In the records below, find the line containing "Söndagsröj inför köksrenovering." and return it together with every later line, exactly as written; pictures are to be omitted.

── Input data ──

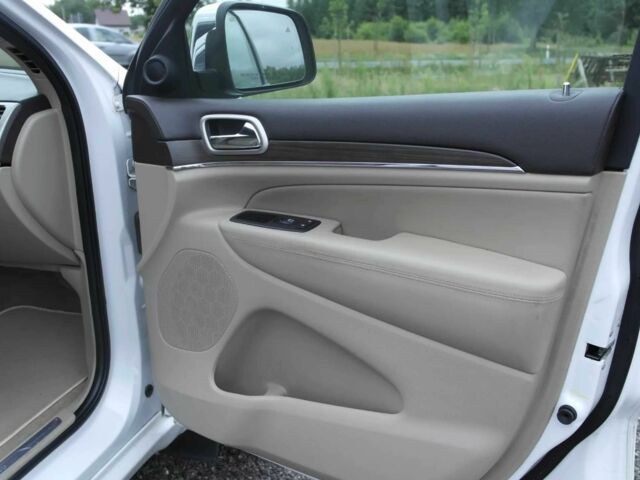 Белый Джип Гранд Чероки, объемом двигателя 3.6 л и пробегом 98 тыс. км за 15500 $, фото 21 на Automoto.ua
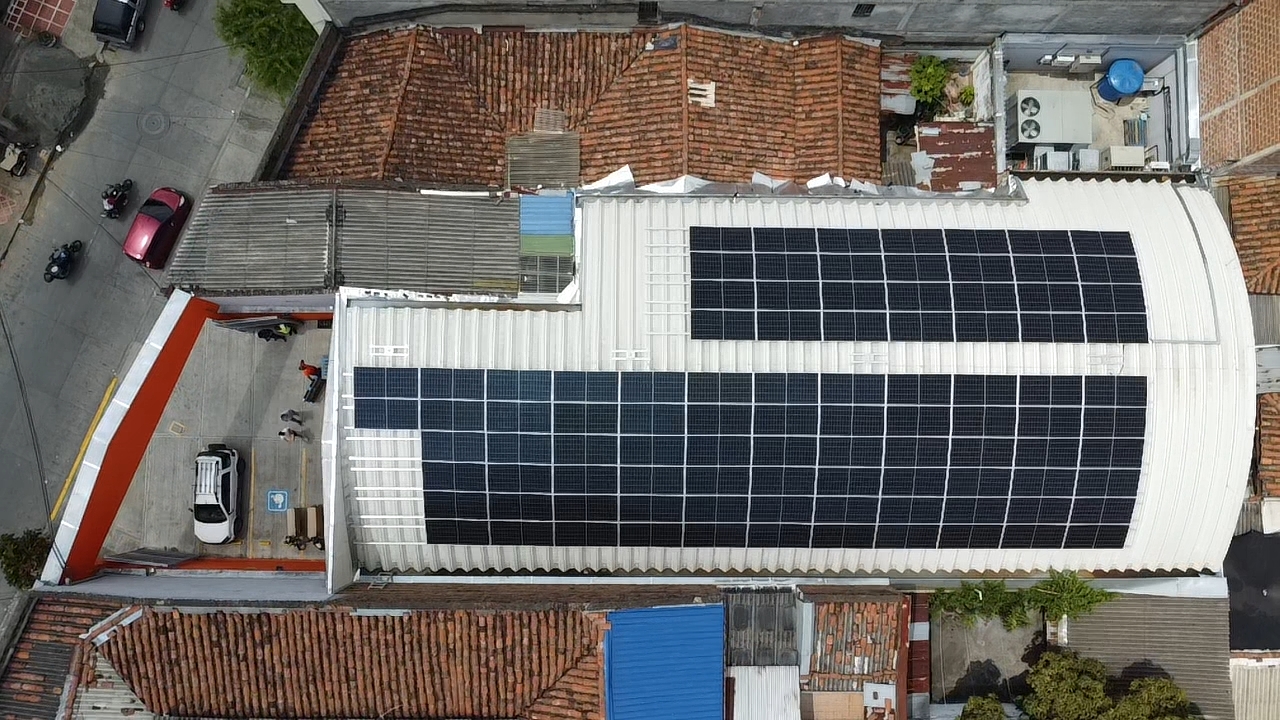 Instalación solar sobre cubierta comercial evaluada por X-energy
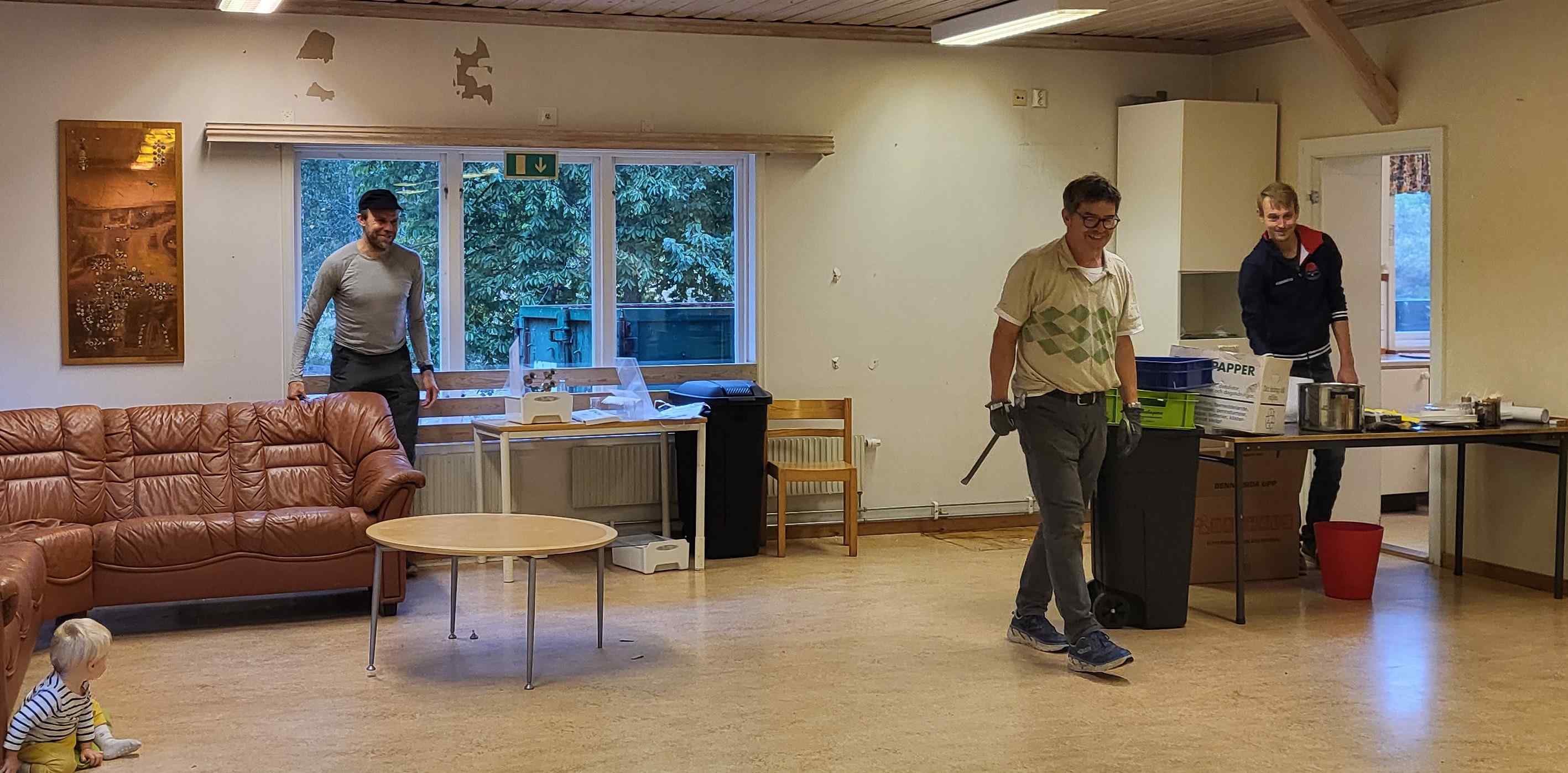 Söndagsröj inför köksrenovering. Sigge, Mats x 2 och CJ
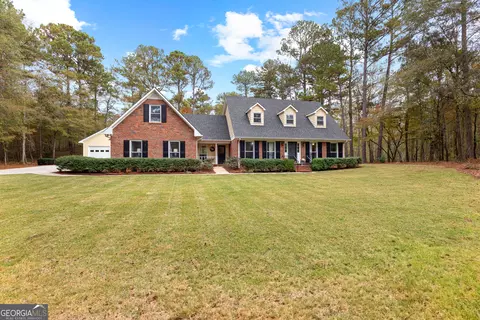 Exterior - 2926 Mooty Bridge Rd, Lagrange, GA 30240 photo 7 of 11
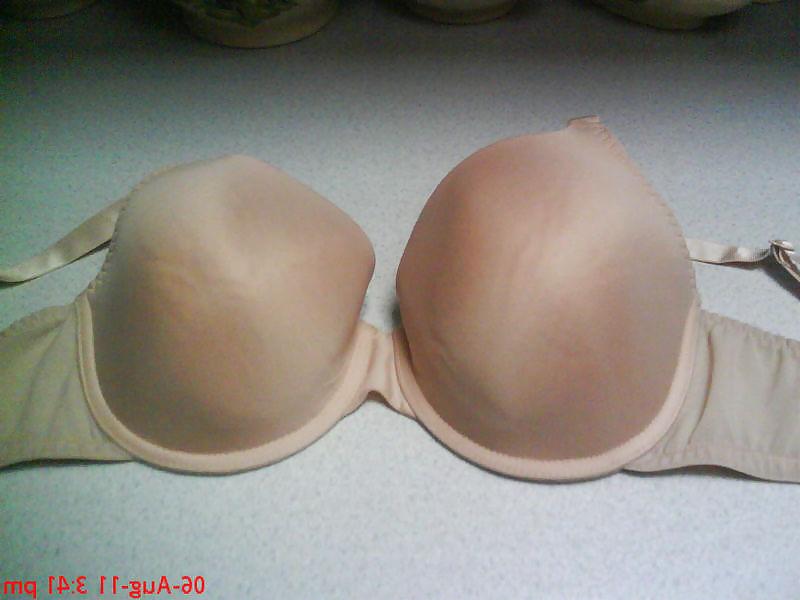 25P Woman their sell bras on the net 4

───

Answer section:
 Söndagsröj inför köksrenovering. Sigge, Mats x 2 och CJ
 Exterior - 2926 Mooty Bridge Rd, Lagrange, GA 30240 photo 7 of 11
 25P Woman their sell bras on the net 4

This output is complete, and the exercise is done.